(Collected data)
Start of Block

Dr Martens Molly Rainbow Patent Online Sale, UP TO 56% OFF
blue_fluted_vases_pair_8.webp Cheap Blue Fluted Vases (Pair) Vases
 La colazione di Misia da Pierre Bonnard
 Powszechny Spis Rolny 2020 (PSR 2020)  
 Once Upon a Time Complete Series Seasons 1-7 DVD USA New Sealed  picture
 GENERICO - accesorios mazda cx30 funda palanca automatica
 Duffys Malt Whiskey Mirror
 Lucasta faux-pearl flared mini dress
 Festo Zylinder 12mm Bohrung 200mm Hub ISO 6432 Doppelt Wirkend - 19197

End of Block

§ **Task instructions**
The reply should restate the records above in full, character for character.

§ **Solution to the exercise**
Dr Martens Molly Rainbow Patent Online Sale, UP TO 56% OFF
blue_fluted_vases_pair_8.webp Cheap Blue Fluted Vases (Pair) Vases
 La colazione di Misia da Pierre Bonnard
 Powszechny Spis Rolny 2020 (PSR 2020)  
 Once Upon a Time Complete Series Seasons 1-7 DVD USA New Sealed  picture
 GENERICO - accesorios mazda cx30 funda palanca automatica
 Duffys Malt Whiskey Mirror
 Lucasta faux-pearl flared mini dress
 Festo Zylinder 12mm Bohrung 200mm Hub ISO 6432 Doppelt Wirkend - 19197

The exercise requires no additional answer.